TASK BRIEF: Nothing but the lines from the one containing "Vestido vichy infantil" through the end of the data should be retyped, exactly as they stand, and pictures should not be retyped.

SOURCE INFORMATION Start Marker

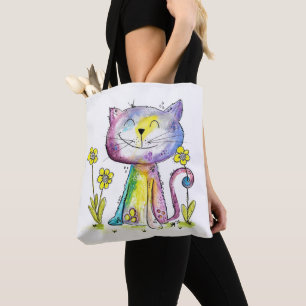 Bolso De Tela Gato feliz y caprichoso con flor amarilla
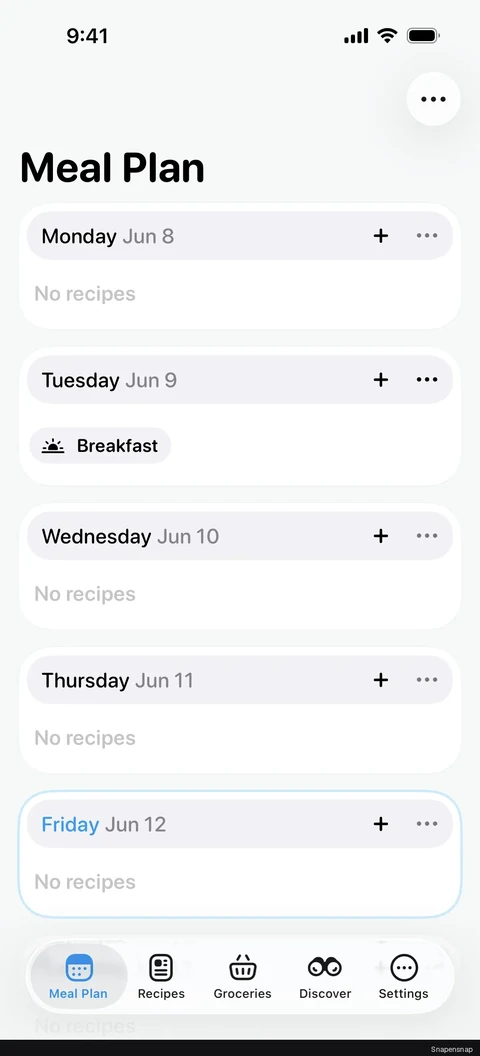 Добавление section (Meal Plan) 3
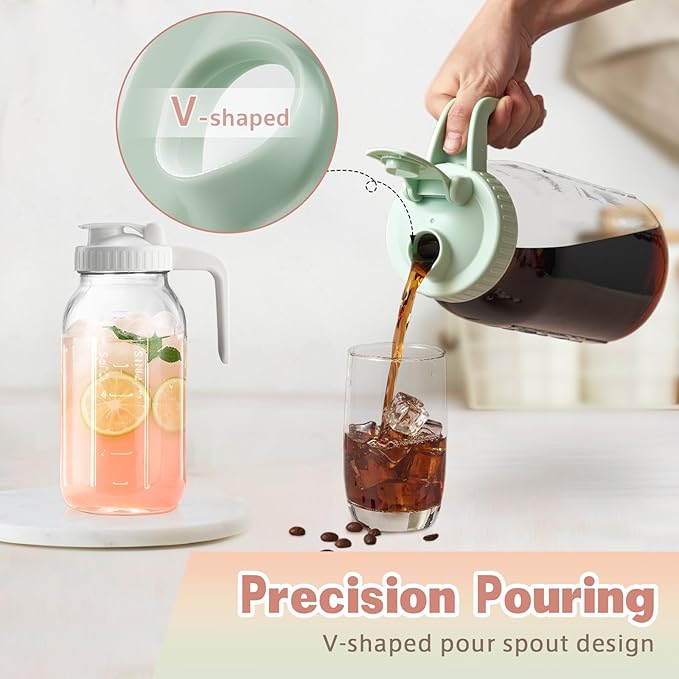 Mason Jar with Pour Spout Lid V-shaped, 2 Quart Iced Tea Pitcher Double Leak Proof, 64 oz Drink Pitcher for Breastmilk, Sun Tea, Juice, Coffee Creamer, Formula Pitcher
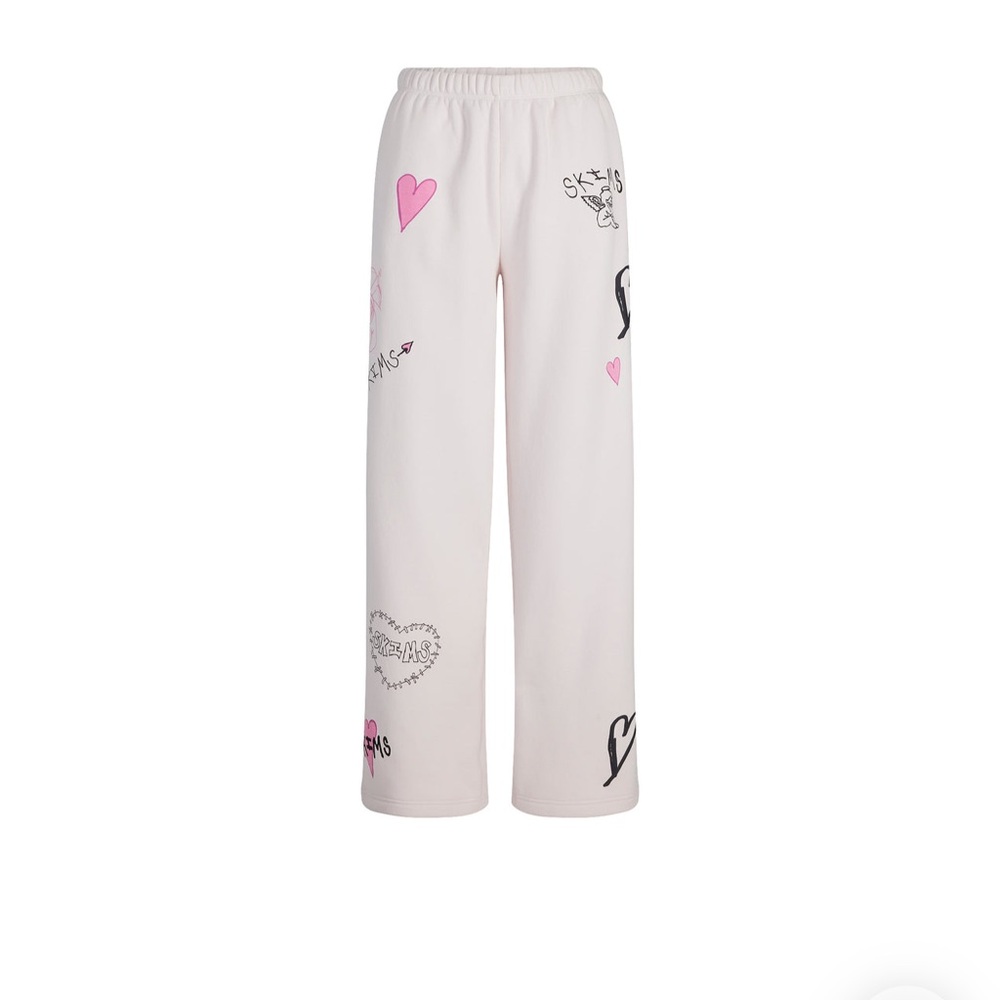 SKIMS Women's Straight Leg Pants - Cream with Black and Pink Accents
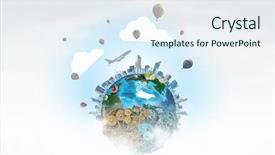  Presentation with organization - Colorful slide set enhanced with global spinning - world organization mechanisms backdrop and a sky blue colored foreground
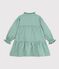 Vestido vichy infantil de popelina de manga larga verde/blanco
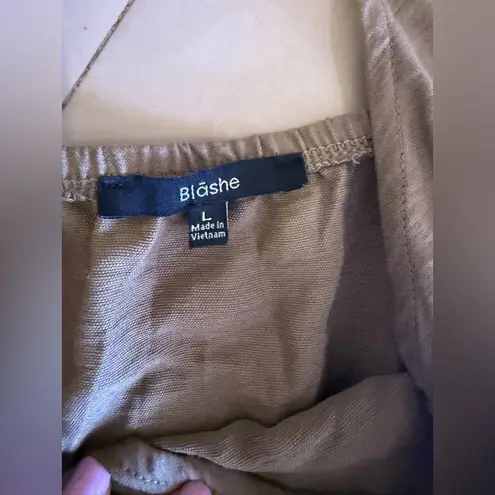 blashe belted jumpsuit splice neck thin strap tapered legs olives green size L Size L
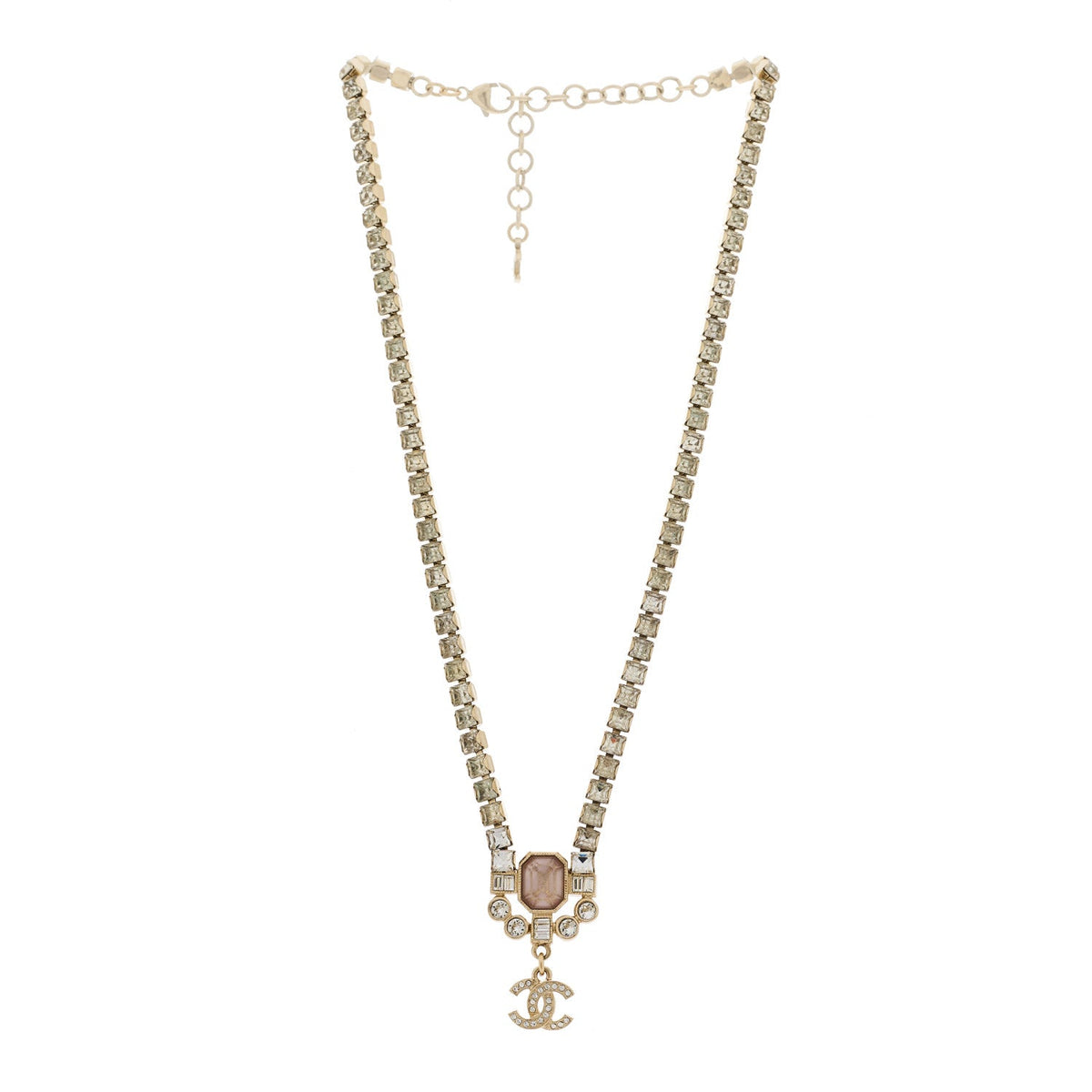 Chanel Crystal CC Pendant Choker Gold Pink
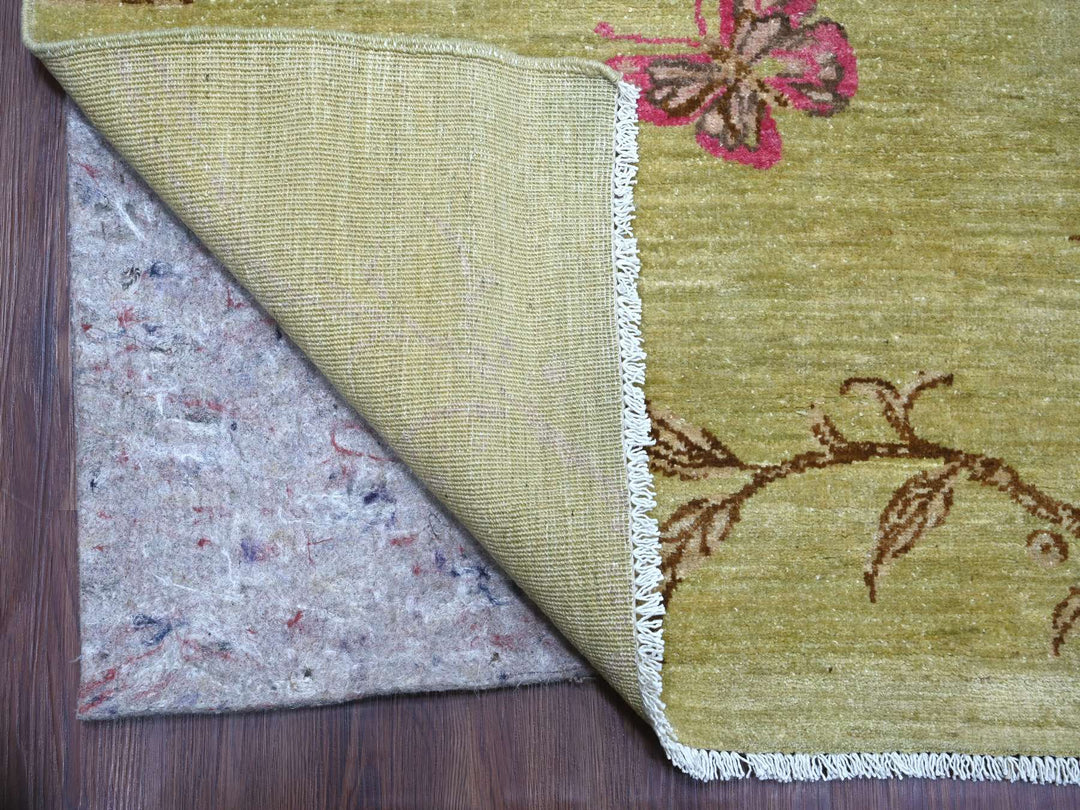 9'0" x 11'10" New Hand Knotted Green Wool Rectangle Oriental Rug - MOA10221042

SOURCE INFORMATION End Marker

TASK ANSWER:
 Vestido vichy infantil de popelina de manga larga verde/blanco
 blashe belted jumpsuit splice neck thin strap tapered legs olives green size L Size L
 Chanel Crystal CC Pendant Choker Gold Pink
 9'0" x 11'10" New Hand Knotted Green Wool Rectangle Oriental Rug - MOA10221042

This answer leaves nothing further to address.